LAGROSILLIÈRE Joseph [LAGROSILLIÈRE Marie, Samuel, Joseph]

Par Justinien Raymond

Né le 2 novembre 1872 à Sainte-Marie (Martinique), mort le 6 janvier 1950 à Paris (XVe arr.) ; avocat ; négociant ; agriculteur ; militant socialiste depuis 1896 ; député de la Martinique de 1910 à 1924 et de 1932 à 1942 ; ne prit pas part au vote du 10 juillet 1940 ; exclu du Parti socialiste SFIO en novembre 1944, réintégré en 1948 ; franc-maçon.

Joseph Lagrosillière appartenait à une famille créole de propriétaires, relativement fortunée. Après avoir accompli ses études secondaires aux Antilles, il suivit, à partir de 1894, les cours de l’École coloniale et de la Faculté de droit de Paris. Licencié en droit, il s’inscrivit aux barreaux de Paris et de Tunis avant de regagner la Martinique où il continua l’exercice de sa profession d’avocat, devint bâtonnier de l’Ordre à Fort-de-France, tout en exploitant comme agriculteur et comme commerçant les plantations familiales.

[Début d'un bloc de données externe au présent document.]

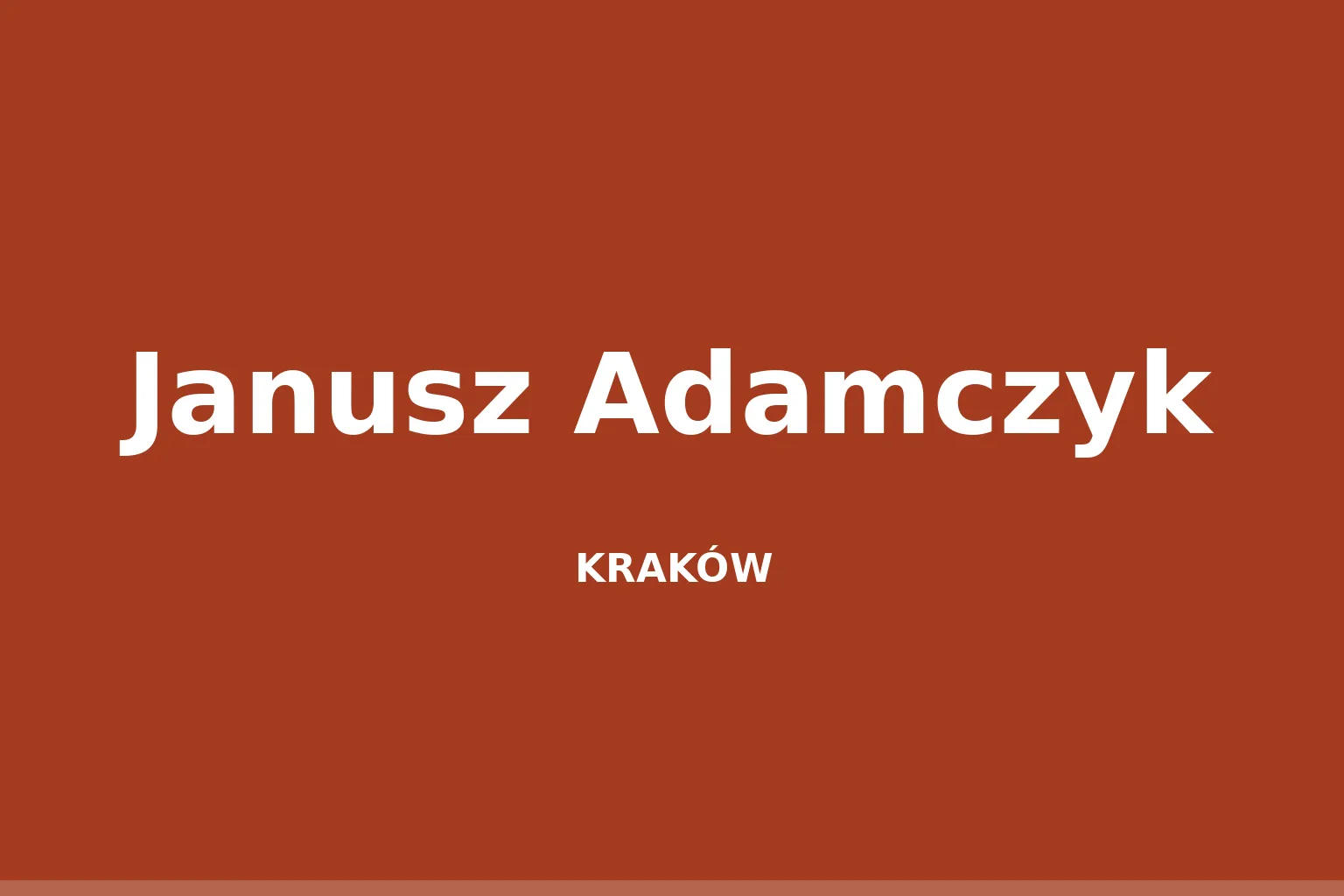 Janusz Adamczyk (piłkarz)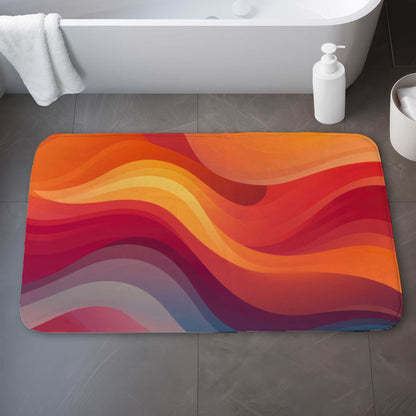 Sunlit Fog Bath Mat | Soft, Stylish Home Decor Rug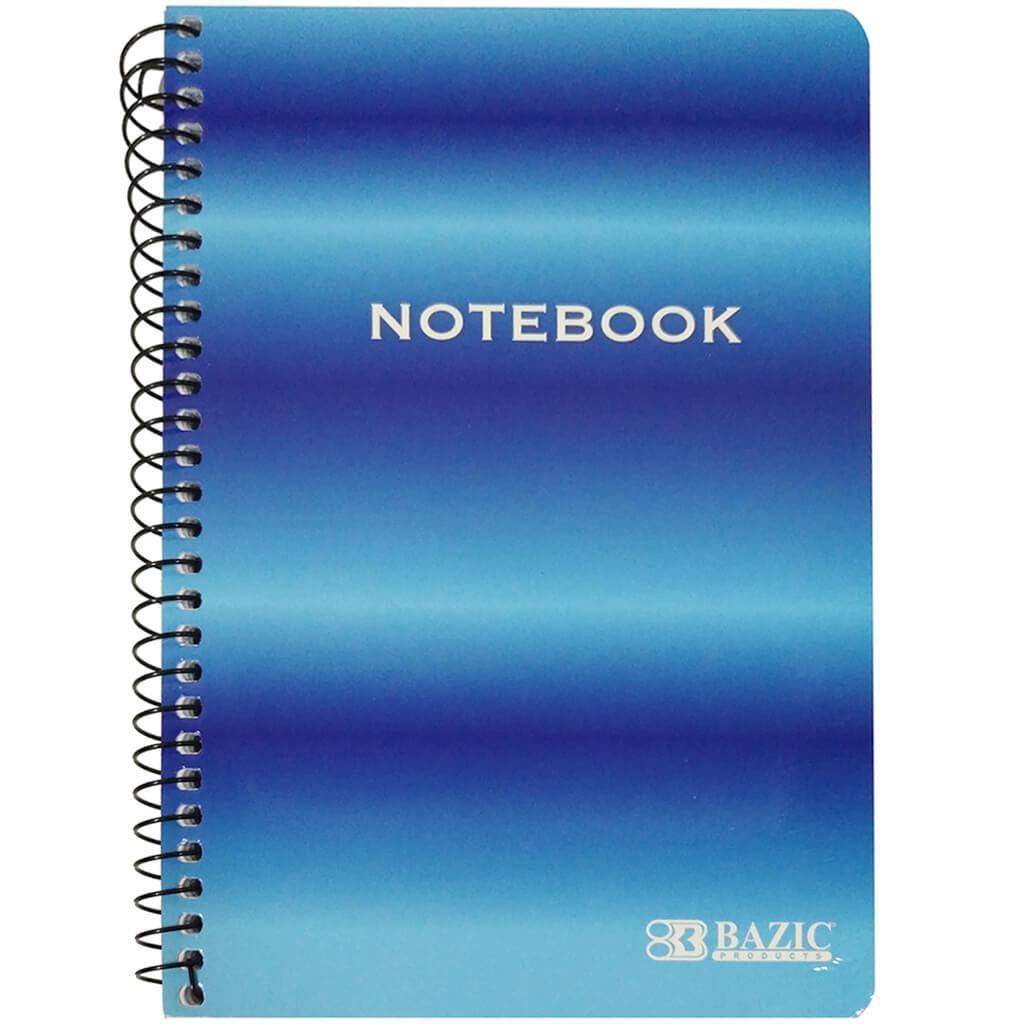 Personal/Assignment Spiral Notebook 120ct 5in x 7in Blue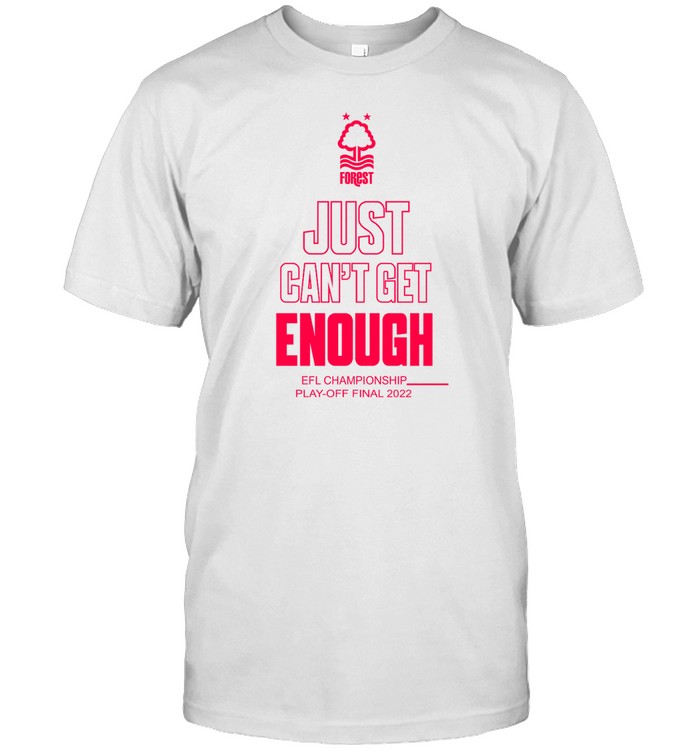 Nffc Mens Red Cant Get Enough Tee Shirt Nottingham Forest FC Nottingham Forest Mens Black Ringer T-Shirt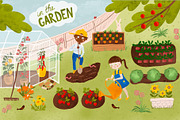 Children in the garden poster, a Person Illustration by Tani Kuzminka (Thumbnail 1 of 4)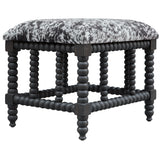 Benches, Ottomans & Stools Rancho Faux Cow Hide Small Bench 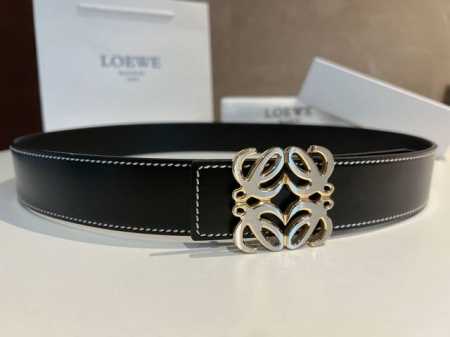 Loe～We罗意～威男士西班牙风格，品牌徽标金属扣双面用牛皮带身，风格细节绅士时尚商务休闲简约日常职业通勤度假帅气潮款。4.0 - 点击图像关闭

Au cours de ses études à Paris, Lagrosillière adhéra en 1896 au Groupe des étudiants collectivistes, fonda en 1897 le groupe des Antilles socialistes : il entrait ainsi dans le mouvement socialiste qu’il devait servir avec quelques éclipses. Au premier congrès général des organisations socialistes françaises de la salle Japy à Paris (1899) il représenta trois groupes de la Guadeloupe adhérents du POF : le syndicat des ouvriers du Canal et de Sainte-Anne, et le groupe socialiste du Gosier. Par sa propagande, par l’action du journal Le Prolétaire qu’il dirigeait, il devint, à partir de 1901, le chef de file du mouvement ouvrier antillais, le principal organisateur de groupements socialistes et de syndicats. Militant parallèlement dans la Libre Pensée, il combattit le cléricalisme dont il dénonça à plusieurs reprises l’action aux Antilles dans l’Humanité. En 1902, il fut candidat socialiste aux élections législatives et échoua. Il devait perdre sa femme dans l’éruption de la montagne Pelée. Après cette catastrophe, Lagrosillière gagna la France et dénonça les scandales qui, selon lui, présidaient à la distribution des secours. Dans le Mouvement socialiste, dans une brochure, Le cas Gérault-Richard, il mit en cause le directeur de La Petite République engagé dans des tractations aux Antilles. Les ripostes furent vives, en France et à la Martinique. Alors Lagrosillière quitta les Antilles et, pour deux ans, alla s’installer en qualité d’avocat à Saint-Pierre-et-Miquelon où il continua sa double action militante. C’est de cette terre lointaine qu’en mai 1905, il salua par un télégramme l’unité socialiste réalisée en France. Il représenta la fédération de la Martinique aux congrès nationaux de Chalon-sur-Saône (octobre 1905) et de Saint-Quentin (1911).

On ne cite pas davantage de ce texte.